Brooklynites Support Love: Neighbors Unite To Show Love Trumps Hate

Brooklynites Support Love: Neighbors Unite To Show Love Trumps Hate
I Support Love; I Reject Hate Rally
Photo by Pamela Wong / BKLYNER

Disappointed by last week’s election results, Brooklyn writer Fiona Maazel reacted by organizing a rally.

Posting the event on her Facebook page, she wrote, “I am going to Grand Army Plaza with my two-year-old daughter and holding a sign that says: I SUPPORT LOVE.”

In an effort to “get Brooklyn families together” to support each other and send “a positive message to the kids,” she invited others to join her on Sunday, November 13, and told them to bring their children and positive energy.

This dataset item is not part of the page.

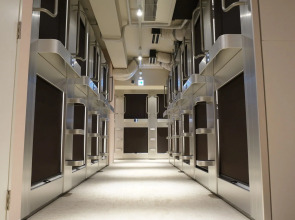 Akihabara BAY HOTEL - Caters to Women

Photo by Pamela Wong / BKLYNER
Rally organizer Fiona Maazel. (Photo by Pamela Wong / BKLYNER)

“I’m so despondent about the outcome of the election. I feel we ceded the country to someone who doesn’t represent the values of a majority of Americans,” she said during the event on Sunday. She is also “very uncomfortable with the temper that [Trump is] endorsing” and upset about having to raise her daughter in a “climate of misogyny, bigotry, and racism.”

Maazel wanted to rally around “feelings and values that we support so that we can find a way to take the country back sooner than later.”

I Support Love; I Reject Hate Rally
Photo by Pamela Wong / BKLYNER

While she thought only a few of her friends would join her, hundreds of people showed up armed with their own signs displaying how they feel about the president-elect and their concerns for the country’s future.

I Support Love; I Reject Hate Rally
[L-R] Ricky, age 12 and Delia, his mother. (Photo by Pamela Wong / BKLYNER)

12-year-old Park Slope resident Ricky succinctly explained his reason for attending the rally Sunday morning, “We don’t support what Trump stands for. He’s full of hatred.”

His mother Delia added, “We wanted to make our voices heard so that people understand he’s not our president.” As a professor, Delia says, “I want to involve my students in more of these kinds of protests. I think it’s important for us to know that our voices matter and that if we remain silent, nothing will change.”

Ricky learned of Trump’s win Wednesday morning. The first thing he heard that day was his dad saying, “Trump won.” He said for the rest of the day he “had this feeling of dread. Whenever something happened that took my mind off of it, I would hear ‘Trump won’ in my head.” Most of his classmates felt similarly, “A lot of people were scared. Some girls were crying.”

I Support Love; I Reject Hate Rally
[L-R] Terrie, Maricia, and their son, Buck. (Photo by Pamela Wong / BKLYNER)

With acts of hatred being reported in the news since the election, Terrie, whose family lives in Tennessee, said, “I don’t even want to go home for Christmas with my black wife and my biracial son.” She believes they would be vulnerable in a Trump-supporting state.

Her wife Maricia adds, “You’ve seen it across the media. We don’t want to experience that and we certainly don’t want [our son Buck] to experience it, to see that type of hatred.” The couple agrees that Buck is lucky to live in Brooklyn where “his world is so protective right now, but that could change.”

Maricia, who grew up in South Africa, said “I’ve lived this before—under a regime that’s hateful and I think it’s really important for the people to take the power back.” Terrie said she “intend[s] to get involved in any sort of grassroots program that I can to help us build back up our democracy…. Now we really have to get serious.”

Photo by Pamela Wong / BKLYNER
[L-R] Jessica and Ashley. (Photo by Pamela Wong / BKLYNER)

Crown Heights residents Jessica and Ashley showed up with their six-month-old twins in a double stroller. “We’re here because there’s fear on the streets again,” Jessica explained, “This election has really ignited a lot of hate [but]  it’s also ignited a lot of love and compassion, so we’re here to support the side that we’re on.”

If their twins were older, she would explain the election by telling them, “This is an example of our political process and how unfortunate it is to put someone in power who has a really negative, backwards way of thinking…. I would tell them they need to stand up for their beliefs…. There are always going to be bullies, but we don’t want them to learn to hide or be afraid.”

“We’re a multi-racial, queer family and obviously that gives us a direct reason for why we need to be on this side of the issues,” she says. “Our family is so diverse, it’s important for us to want to be out there and continue showing people positive examples of diversity.”

I Support Love; I Reject Hate Rally
Photo by Pamela Wong / BKLYNER

Though the response to Sunday’s event was impressive, Maazel is not sure if she will organize another. This one was a spontaneous reaction to her being so upset over Trump’s win. The rally, “reminds us that there are good feelings out there and that if we have to be the bearers of those good feelings and the protectors of those good feelings, so be it.”